For two years, I was a delusional optimist.
I built my life around a dream no one else could see — sticky notes on mirrors, mantras on my fridge. Every decision revolved around one belief:
If I believed hard enough, maybe the impossible could become real.
And on October 5th, it did.
With race day only 21 days after Ironman Japan, it wasn’t about medals or times — it was about how deep I could dig when nothing was left.
And from the first moment I hit the water, I knew that’s exactly what it would take.
The swim was chaos and calm all at once — bodies thrashing, salt water stinging, yet somehow rhythmic, almost meditative.
The bike was two relentless loops — cliffs above the Mediterranean, waves crashing below, wind howling like it wanted to race too.
The run was a surrender from the start. By mile five, my face was pale, my vision a tunnel. For twenty-one miles, I didn’t fight the pain — I met it, breathed with it, and held its hand all the way home.
I don’t remember crossing the finish line. The loudest place in the world had gone still — time stopped, the whole journey exhaling with me.
When I opened my eyes, my family was reaching for me.
My mom handed me the Guinness medal, and all I could say was, “WE DID IT!”
In that moment, I understood — when you chase a dream this big, it stops being about you.

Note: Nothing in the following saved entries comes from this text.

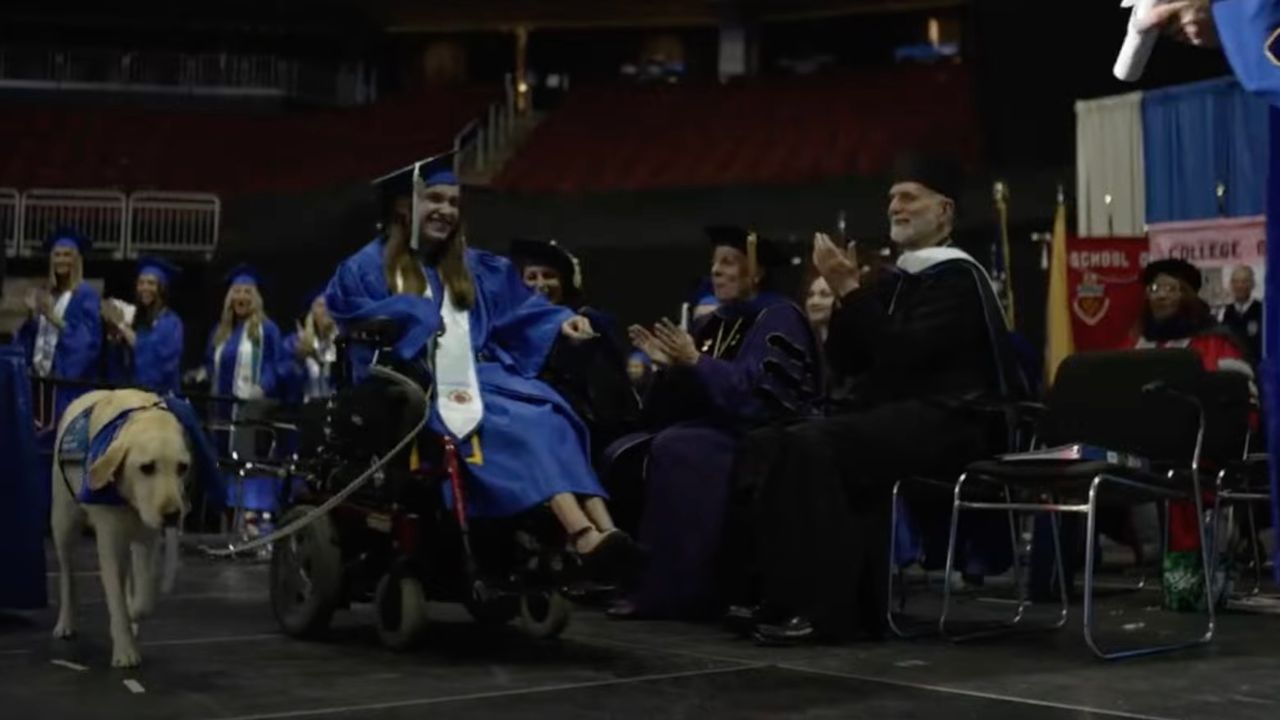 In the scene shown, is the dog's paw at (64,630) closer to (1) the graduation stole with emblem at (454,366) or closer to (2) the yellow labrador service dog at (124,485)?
(2) the yellow labrador service dog at (124,485)

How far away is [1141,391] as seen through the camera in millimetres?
4781

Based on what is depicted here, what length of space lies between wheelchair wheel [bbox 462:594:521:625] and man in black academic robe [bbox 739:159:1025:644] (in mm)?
667

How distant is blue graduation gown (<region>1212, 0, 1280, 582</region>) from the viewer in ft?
5.21

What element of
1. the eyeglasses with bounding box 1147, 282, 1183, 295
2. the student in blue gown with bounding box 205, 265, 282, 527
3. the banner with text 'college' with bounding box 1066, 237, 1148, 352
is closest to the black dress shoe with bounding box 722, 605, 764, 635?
the eyeglasses with bounding box 1147, 282, 1183, 295

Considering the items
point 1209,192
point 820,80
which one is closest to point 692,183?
point 820,80

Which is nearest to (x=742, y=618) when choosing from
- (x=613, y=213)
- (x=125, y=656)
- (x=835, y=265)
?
(x=835, y=265)

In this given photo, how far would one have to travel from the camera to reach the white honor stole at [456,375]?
3.88 meters

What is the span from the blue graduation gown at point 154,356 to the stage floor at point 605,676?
3863 mm

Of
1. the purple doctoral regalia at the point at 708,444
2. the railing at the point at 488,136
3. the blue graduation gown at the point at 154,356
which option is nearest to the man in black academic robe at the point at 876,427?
the purple doctoral regalia at the point at 708,444

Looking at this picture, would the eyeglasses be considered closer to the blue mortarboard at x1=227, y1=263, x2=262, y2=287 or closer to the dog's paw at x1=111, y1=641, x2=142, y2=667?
the dog's paw at x1=111, y1=641, x2=142, y2=667

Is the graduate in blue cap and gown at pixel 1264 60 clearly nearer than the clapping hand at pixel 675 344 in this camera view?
Yes

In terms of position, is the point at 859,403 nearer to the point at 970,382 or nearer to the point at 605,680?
the point at 970,382

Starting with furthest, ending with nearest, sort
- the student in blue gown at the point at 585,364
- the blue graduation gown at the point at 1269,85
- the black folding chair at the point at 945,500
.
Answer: the student in blue gown at the point at 585,364 → the black folding chair at the point at 945,500 → the blue graduation gown at the point at 1269,85

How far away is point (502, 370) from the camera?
4113 millimetres
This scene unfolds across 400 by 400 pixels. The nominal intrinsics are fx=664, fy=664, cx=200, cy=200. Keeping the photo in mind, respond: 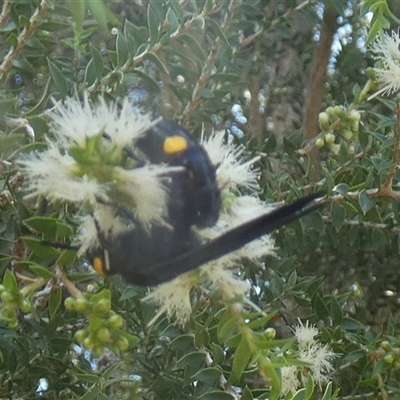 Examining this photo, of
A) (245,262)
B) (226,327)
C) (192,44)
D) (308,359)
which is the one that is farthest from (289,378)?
(192,44)

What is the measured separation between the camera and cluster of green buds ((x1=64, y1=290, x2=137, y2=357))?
425mm

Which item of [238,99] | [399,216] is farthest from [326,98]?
[399,216]

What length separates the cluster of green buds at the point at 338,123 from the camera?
0.69 meters

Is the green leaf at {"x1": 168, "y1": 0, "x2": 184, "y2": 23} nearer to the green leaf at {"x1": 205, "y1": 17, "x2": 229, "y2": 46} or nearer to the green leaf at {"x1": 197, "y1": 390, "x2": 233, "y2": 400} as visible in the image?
the green leaf at {"x1": 205, "y1": 17, "x2": 229, "y2": 46}

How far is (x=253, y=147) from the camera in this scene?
82cm

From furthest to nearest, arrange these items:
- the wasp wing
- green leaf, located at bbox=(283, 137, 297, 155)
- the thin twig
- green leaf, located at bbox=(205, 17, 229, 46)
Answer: green leaf, located at bbox=(283, 137, 297, 155)
green leaf, located at bbox=(205, 17, 229, 46)
the thin twig
the wasp wing

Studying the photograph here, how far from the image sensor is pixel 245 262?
575 millimetres

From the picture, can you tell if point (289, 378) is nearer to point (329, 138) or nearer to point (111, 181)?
point (329, 138)

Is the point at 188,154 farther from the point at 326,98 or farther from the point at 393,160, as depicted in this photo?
the point at 326,98

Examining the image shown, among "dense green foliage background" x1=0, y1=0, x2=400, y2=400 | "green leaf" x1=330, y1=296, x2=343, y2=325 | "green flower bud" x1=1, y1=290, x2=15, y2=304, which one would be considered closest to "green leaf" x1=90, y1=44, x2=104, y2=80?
"dense green foliage background" x1=0, y1=0, x2=400, y2=400

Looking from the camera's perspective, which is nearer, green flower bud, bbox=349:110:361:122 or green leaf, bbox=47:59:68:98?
green leaf, bbox=47:59:68:98

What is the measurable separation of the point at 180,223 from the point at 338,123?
0.39 metres

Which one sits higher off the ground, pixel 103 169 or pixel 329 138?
pixel 103 169

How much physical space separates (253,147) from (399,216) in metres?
0.21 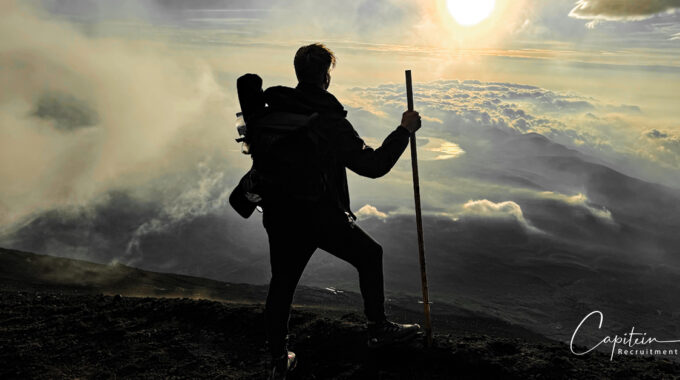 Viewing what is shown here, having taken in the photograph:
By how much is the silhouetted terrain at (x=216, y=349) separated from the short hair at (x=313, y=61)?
2479mm

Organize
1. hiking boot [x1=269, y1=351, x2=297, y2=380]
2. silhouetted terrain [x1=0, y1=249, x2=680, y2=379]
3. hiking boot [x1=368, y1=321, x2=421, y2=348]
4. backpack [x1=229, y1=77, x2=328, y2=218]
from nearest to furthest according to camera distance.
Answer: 1. backpack [x1=229, y1=77, x2=328, y2=218]
2. hiking boot [x1=269, y1=351, x2=297, y2=380]
3. hiking boot [x1=368, y1=321, x2=421, y2=348]
4. silhouetted terrain [x1=0, y1=249, x2=680, y2=379]

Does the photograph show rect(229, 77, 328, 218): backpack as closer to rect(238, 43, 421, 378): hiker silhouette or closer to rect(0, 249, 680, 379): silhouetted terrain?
rect(238, 43, 421, 378): hiker silhouette

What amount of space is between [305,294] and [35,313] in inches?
3144

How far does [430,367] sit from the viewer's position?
4.51 meters

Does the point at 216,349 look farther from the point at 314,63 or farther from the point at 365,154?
the point at 314,63

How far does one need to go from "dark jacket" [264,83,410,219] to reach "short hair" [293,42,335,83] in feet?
0.23

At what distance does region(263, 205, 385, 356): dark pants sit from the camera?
372 centimetres

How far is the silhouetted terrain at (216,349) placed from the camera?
14.9ft

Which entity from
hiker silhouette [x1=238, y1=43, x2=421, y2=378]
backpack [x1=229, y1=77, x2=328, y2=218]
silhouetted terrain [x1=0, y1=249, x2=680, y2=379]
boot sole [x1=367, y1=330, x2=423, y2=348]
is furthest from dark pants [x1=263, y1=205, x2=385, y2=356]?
silhouetted terrain [x1=0, y1=249, x2=680, y2=379]

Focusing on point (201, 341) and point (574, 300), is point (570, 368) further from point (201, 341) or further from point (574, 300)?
point (574, 300)

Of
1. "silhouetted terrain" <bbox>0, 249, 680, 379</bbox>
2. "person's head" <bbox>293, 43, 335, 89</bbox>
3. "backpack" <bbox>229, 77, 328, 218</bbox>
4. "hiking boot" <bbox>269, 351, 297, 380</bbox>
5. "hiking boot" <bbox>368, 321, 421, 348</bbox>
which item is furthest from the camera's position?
"silhouetted terrain" <bbox>0, 249, 680, 379</bbox>

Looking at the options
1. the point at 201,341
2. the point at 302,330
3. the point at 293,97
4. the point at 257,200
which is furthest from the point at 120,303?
the point at 293,97

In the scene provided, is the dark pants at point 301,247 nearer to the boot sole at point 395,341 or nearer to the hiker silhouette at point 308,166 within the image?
the hiker silhouette at point 308,166

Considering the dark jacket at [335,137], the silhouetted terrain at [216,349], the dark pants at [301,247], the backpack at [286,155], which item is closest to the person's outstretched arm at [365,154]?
the dark jacket at [335,137] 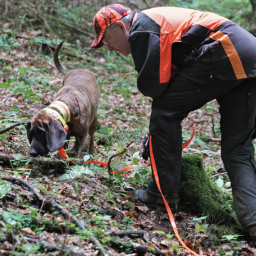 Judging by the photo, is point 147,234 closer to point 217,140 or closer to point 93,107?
point 93,107

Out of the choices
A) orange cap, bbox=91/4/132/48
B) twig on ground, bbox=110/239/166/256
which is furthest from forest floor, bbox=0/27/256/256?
orange cap, bbox=91/4/132/48

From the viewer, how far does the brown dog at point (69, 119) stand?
3.78 m

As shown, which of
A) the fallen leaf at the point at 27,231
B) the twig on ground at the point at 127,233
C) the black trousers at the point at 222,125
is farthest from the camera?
the black trousers at the point at 222,125

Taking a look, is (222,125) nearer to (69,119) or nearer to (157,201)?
(157,201)

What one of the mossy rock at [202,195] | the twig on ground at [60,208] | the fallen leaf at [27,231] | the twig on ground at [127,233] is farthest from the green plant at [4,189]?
the mossy rock at [202,195]

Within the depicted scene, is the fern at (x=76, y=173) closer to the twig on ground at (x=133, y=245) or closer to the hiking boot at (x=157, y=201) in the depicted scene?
the hiking boot at (x=157, y=201)

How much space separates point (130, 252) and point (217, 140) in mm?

You become a mirror for other people’s hope.
For their comeback.
For the version of them that still wants to try.
People weren’t just cheering for me — they were cheering for the part of themselves that believes they can do something impossible too.
One day, someone else will break this record.
And honestly? I hope they do.
Because records are meant to be broken. 
It’s who you become and what that inspires in others that lasts.
So when this record is broken, I won’t be sad.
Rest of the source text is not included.